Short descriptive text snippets

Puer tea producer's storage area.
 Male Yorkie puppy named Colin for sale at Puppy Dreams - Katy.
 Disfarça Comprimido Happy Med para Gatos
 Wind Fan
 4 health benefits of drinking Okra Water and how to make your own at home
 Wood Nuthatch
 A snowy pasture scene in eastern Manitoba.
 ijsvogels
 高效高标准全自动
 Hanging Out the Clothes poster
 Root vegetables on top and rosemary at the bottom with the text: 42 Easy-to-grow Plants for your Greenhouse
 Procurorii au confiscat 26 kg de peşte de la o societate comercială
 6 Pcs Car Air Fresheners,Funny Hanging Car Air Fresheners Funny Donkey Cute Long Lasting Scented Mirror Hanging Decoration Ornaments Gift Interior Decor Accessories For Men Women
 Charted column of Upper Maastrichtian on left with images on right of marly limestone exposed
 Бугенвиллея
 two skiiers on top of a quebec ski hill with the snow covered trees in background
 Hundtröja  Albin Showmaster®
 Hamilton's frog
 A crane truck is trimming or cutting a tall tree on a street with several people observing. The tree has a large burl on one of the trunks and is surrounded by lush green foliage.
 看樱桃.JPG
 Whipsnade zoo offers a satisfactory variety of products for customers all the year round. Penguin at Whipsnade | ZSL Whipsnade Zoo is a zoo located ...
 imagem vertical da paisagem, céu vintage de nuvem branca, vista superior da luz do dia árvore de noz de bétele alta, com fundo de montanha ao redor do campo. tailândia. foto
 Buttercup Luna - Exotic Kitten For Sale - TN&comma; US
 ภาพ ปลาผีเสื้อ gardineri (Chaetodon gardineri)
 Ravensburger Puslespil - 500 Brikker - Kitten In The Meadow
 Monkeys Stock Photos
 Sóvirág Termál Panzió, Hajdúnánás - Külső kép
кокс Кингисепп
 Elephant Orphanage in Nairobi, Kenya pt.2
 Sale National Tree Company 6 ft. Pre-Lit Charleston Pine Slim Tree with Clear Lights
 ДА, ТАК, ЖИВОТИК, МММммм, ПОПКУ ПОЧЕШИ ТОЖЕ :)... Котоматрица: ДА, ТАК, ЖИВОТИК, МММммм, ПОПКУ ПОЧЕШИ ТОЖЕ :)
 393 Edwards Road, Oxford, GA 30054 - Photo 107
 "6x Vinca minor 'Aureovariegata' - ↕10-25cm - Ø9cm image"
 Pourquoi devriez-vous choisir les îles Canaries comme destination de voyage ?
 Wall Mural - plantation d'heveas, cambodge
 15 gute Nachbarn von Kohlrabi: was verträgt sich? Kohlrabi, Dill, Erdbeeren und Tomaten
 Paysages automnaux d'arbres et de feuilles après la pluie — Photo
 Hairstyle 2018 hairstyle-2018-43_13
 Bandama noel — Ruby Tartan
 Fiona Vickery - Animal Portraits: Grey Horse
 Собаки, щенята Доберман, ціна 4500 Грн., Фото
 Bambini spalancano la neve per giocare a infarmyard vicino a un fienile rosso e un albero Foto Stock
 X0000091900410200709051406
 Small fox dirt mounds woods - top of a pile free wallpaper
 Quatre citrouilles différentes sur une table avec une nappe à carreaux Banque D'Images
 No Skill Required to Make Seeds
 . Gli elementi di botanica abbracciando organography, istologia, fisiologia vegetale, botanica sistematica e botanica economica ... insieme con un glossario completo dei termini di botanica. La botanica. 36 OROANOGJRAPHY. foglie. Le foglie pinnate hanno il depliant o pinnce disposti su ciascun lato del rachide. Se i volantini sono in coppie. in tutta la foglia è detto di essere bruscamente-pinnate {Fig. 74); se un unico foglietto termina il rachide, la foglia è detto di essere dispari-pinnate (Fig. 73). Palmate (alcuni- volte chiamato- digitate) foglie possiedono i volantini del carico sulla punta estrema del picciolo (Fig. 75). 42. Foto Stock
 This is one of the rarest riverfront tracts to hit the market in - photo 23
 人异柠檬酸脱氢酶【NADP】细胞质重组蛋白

*DESCRIPTION OF THE TASK*. Your task is to repeat the entries exactly.

*WRITTEN ANSWER*.
Puer tea producer's storage area.
 Male Yorkie puppy named Colin for sale at Puppy Dreams - Katy.
 Disfarça Comprimido Happy Med para Gatos
 Wind Fan
 4 health benefits of drinking Okra Water and how to make your own at home
 Wood Nuthatch
 A snowy pasture scene in eastern Manitoba.
 ijsvogels
 高效高标准全自动
 Hanging Out the Clothes poster
 Root vegetables on top and rosemary at the bottom with the text: 42 Easy-to-grow Plants for your Greenhouse
 Procurorii au confiscat 26 kg de peşte de la o societate comercială
 6 Pcs Car Air Fresheners,Funny Hanging Car Air Fresheners Funny Donkey Cute Long Lasting Scented Mirror Hanging Decoration Ornaments Gift Interior Decor Accessories For Men Women
 Charted column of Upper Maastrichtian on left with images on right of marly limestone exposed
 Бугенвиллея
 two skiiers on top of a quebec ski hill with the snow covered trees in background
 Hundtröja  Albin Showmaster®
 Hamilton's frog
 A crane truck is trimming or cutting a tall tree on a street with several people observing. The tree has a large burl on one of the trunks and is surrounded by lush green foliage.
 看樱桃.JPG
 Whipsnade zoo offers a satisfactory variety of products for customers all the year round. Penguin at Whipsnade | ZSL Whipsnade Zoo is a zoo located ...
 imagem vertical da paisagem, céu vintage de nuvem branca, vista superior da luz do dia árvore de noz de bétele alta, com fundo de montanha ao redor do campo. tailândia. foto
 Buttercup Luna - Exotic Kitten For Sale - TN&comma; US
 ภาพ ปลาผีเสื้อ gardineri (Chaetodon gardineri)
 Ravensburger Puslespil - 500 Brikker - Kitten In The Meadow
 Monkeys Stock Photos
 Sóvirág Termál Panzió, Hajdúnánás - Külső kép
кокс Кингисепп
 Elephant Orphanage in Nairobi, Kenya pt.2
 Sale National Tree Company 6 ft. Pre-Lit Charleston Pine Slim Tree with Clear Lights
 ДА, ТАК, ЖИВОТИК, МММммм, ПОПКУ ПОЧЕШИ ТОЖЕ :)... Котоматрица: ДА, ТАК, ЖИВОТИК, МММммм, ПОПКУ ПОЧЕШИ ТОЖЕ :)
 393 Edwards Road, Oxford, GA 30054 - Photo 107
 "6x Vinca minor 'Aureovariegata' - ↕10-25cm - Ø9cm image"
 Pourquoi devriez-vous choisir les îles Canaries comme destination de voyage ?
 Wall Mural - plantation d'heveas, cambodge
 15 gute Nachbarn von Kohlrabi: was verträgt sich? Kohlrabi, Dill, Erdbeeren und Tomaten
 Paysages automnaux d'arbres et de feuilles après la pluie — Photo
 Hairstyle 2018 hairstyle-2018-43_13
 Bandama noel — Ruby Tartan
 Fiona Vickery - Animal Portraits: Grey Horse
 Собаки, щенята Доберман, ціна 4500 Грн., Фото
 Bambini spalancano la neve per giocare a infarmyard vicino a un fienile rosso e un albero Foto Stock
 X0000091900410200709051406
 Small fox dirt mounds woods - top of a pile free wallpaper
 Quatre citrouilles différentes sur une table avec une nappe à carreaux Banque D'Images
 No Skill Required to Make Seeds
 . Gli elementi di botanica abbracciando organography, istologia, fisiologia vegetale, botanica sistematica e botanica economica ... insieme con un glossario completo dei termini di botanica. La botanica. 36 OROANOGJRAPHY. foglie. Le foglie pinnate hanno il depliant o pinnce disposti su ciascun lato del rachide. Se i volantini sono in coppie. in tutta la foglia è detto di essere bruscamente-pinnate {Fig. 74); se un unico foglietto termina il rachide, la foglia è detto di essere dispari-pinnate (Fig. 73). Palmate (alcuni- volte chiamato- digitate) foglie possiedono i volantini del carico sulla punta estrema del picciolo (Fig. 75). 42. Foto Stock
 This is one of the rarest riverfront tracts to hit the market in - photo 23
 人异柠檬酸脱氢酶【NADP】细胞质重组蛋白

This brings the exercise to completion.